The Story – Ithihas . . .
Diwali is the story of the return of Ram (the 7th avatar of Lord Vishnu), his wife & brother to the kingdom of Ayodhya after a 14 year exile. It is documented in the ancient Sanskrit Scripture of Ramayana written by the sage Valmiki.
In the scripture, there was King Dasharath ruler of Ayodhya who had 3 wives – Kausalya, Kaikeyi & Sumitra.
Kausalya was the eldest Queen and gave birth to Ram, the king’s first born.
Kaikeyi (the King’s favourite) gave birth to Bharat
Sumitra gave birth to Lakshman & Shatrughan.
All the queens loved all the children equally. Ram was the eldest & the favourite. Kaikeyi loved Ram more than the other children even though he wasn’t her birth son. He was an obedient, wise, kind & loving son. Everyone was drawn to him & loved him unconditionally.
Kaikeyi’s maid Manthara influenced her & turned Kaikeyi bitter & jealous of Ram. She explained that when Ram (heir to the throne) would be crowned King , Kaikeyi would no longer be Chief Queen.
Kaikeyi asked the King that he repay a boon he made to her many years when she saved his life on the battle field. She asked that he crown her birth son, Bharat, as King and to banish Ram to the forest for 14 years. Bharat didn’t wish to be crowned King because he knew his eldest brother Ram was the rightful heir & loved him dearly. No matter how much the King tried, the Queen wouldn’t change her mind.
Ram wanted to respect Kaikeyi’s wishes & agreed to go into exile. The King then renounced Kaikeyi as his queen and she remained in her quarters by herself with her maid. Bharat renounced his mother as well, & kept a pair of Ram’s sandals on the throne, vowing that he should be crowned King when he returned from exile. Ram’s wife Sita & his brother Lakshman, who loved him the most, went into exile with Ram. The King died of grief and heartache 6 days after they left the kingdom.
They traveled to different villages throughout the forests for several years. Ram was loved everywhere he went & many people became his devotees.
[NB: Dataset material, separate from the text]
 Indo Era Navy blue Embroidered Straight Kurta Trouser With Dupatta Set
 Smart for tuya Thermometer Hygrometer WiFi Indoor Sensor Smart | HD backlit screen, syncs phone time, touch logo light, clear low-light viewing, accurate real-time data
One day while Ram & Lakshman went to gather food & left Sita in their hut alone, she was abducted by the Demon Ten-Headed King Ravan.
She was kept in a garden in his kingdom in (Sri) Lanka. Ravan wanted to have Sita to himself but she refused & sat & waited for Ram for years.
Ram, Lakshman & an army led by Hunuman (a devotee of Ram) headed from India to (Sri) Lanka via a bridge that they built of rocks.
Ram killed Ravan in battle, rescued Sita & brought her back to India.
They were set to return to Ayodhya and the night they got close to the kingdom, they could see lights in the distance. It was a new moon night & the sky was dark so the entire kingdom of Ayodhya lit “diyas” to light their way home & to welcome them.
This is the celebration of Diwali. The triumph of good over evil.